- _TASK INSTRUCTIONS_
Reproduce exactly the lines below from the one containing "Photo of 2025 Tambora Gray Metallic Audi Q5" through the one containing "Cerveja e bate-bola: saiba", including both, and nothing else.

::: RECORDS :::

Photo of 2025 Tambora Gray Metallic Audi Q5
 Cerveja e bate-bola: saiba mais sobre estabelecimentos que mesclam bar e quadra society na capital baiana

:::
::: RECORDS :::

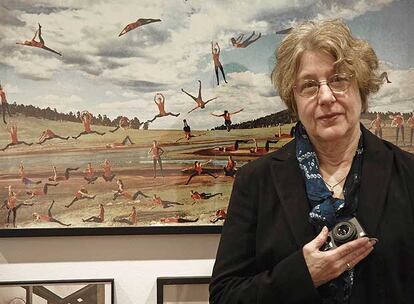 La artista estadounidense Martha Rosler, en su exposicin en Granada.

:::

- _ANSWER AREA_
Photo of 2025 Tambora Gray Metallic Audi Q5
 Cerveja e bate-bola: saiba mais sobre estabelecimentos que mesclam bar e quadra society na capital baiana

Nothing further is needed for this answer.